ASX-listed Syrah Resources’ Balama graphite operation in Mozambique remained suspended for the third consecutive quarter, with the company attributing the continued shutdown to ongoing protest action and a lack of government enforcement of its mining rights.
Production at the Balama site has been halted since mid-2024, initially due to disputes over farmland resettlement. However, the situation has since escalated, becoming entangled in broader election-related unrest.
As a result, Syrah has been unable to access the site or resume operations, and its graphite inventories have been depleted, halting all sales until production can restart.
“Production is required to replenish depleted inventory positions for sales to recommence,” the company stated in its March quarterly update.
Graphite sales plummeted to just 1,300 tonnes in the March quarter, compared to 8,700 tonnes in the December 2024 quarter and 20,100 tonnes in the same period a year earlier.
Despite the shutdown, Balama’s C1 fixed costs remain around $3 million per month (FOB), though temporary cost-saving measures have been implemented.
Syrah declared force majeure under its Balama Mining Agreement in 2024, a status that remains in effect.

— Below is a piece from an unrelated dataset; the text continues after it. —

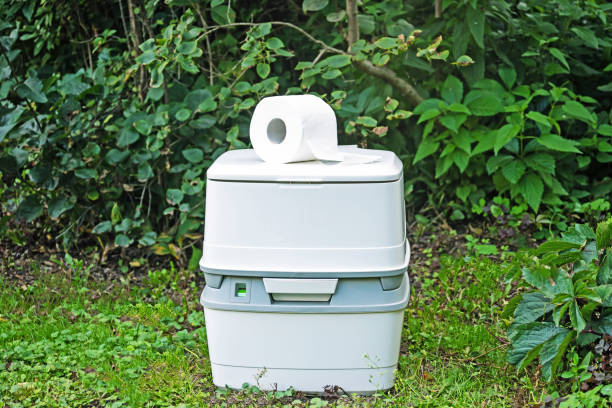 Best Portable restroom trailer rental  in Linn, MO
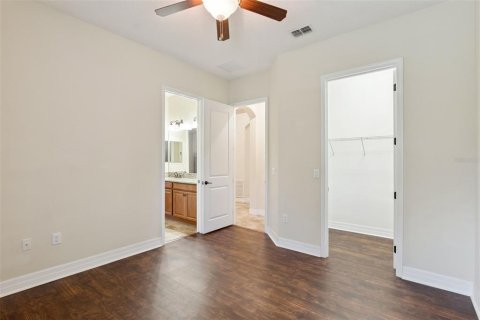 House in Sorrento, Florida 4 bedrooms, 298.77 sq.m. № 2395938 - photo 28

While the company reached a resolution and signed an agreement with the original group of resettled farmers, a small group of individuals—described as having “no legitimate reason nor claim”—continues to block site access. Government authorities have so far failed to enforce Syrah’s legal right to access the mine.
Although a final court order in March upheld a provisional injunction against the protestors, enforcement has stalled.
“It is uncertain whether the injunction will be administered by District authorities and if it will be effective,” the company noted. Syrah has since filed an application to make the injunction permanent.
The ongoing protests have also hindered Syrah’s ability to implement its social development programs in the region.
Nevertheless, the company reaffirmed its commitment to sustainability, community engagement, and governance.
The delay in resolving the issue has been compounded by broader civil unrest and the late formation of Mozambique’s new government in January 2025.
Syrah has not provided any timeline for the resumption of operations at Balama.
Balama is one of the world’s largest natural graphite mines and plays a central role in Syrah’s integrated supply strategy with its downstream active anode material (AAM) facility in Vidalia, Louisiana, USA.
Sales from Vidalia are expected to begin this year, pending progress on customer qualification, U.S. policy updates, and market dynamics related to Chinese AAM imports.
Meanwhile, the final investment decision for expanding Vidalia to a 45,000 t/y facility hinges on securing further sales contracts and financing. Syrah has been awarded a $165-million Section 48C tax credit to support the expansion.
The company closed the March quarter with a cash balance of $66 million, including $44 million in restricted funds.
Of this, $9 million is available for Balama operations and capital costs, while $11 million is allocated to Vidalia.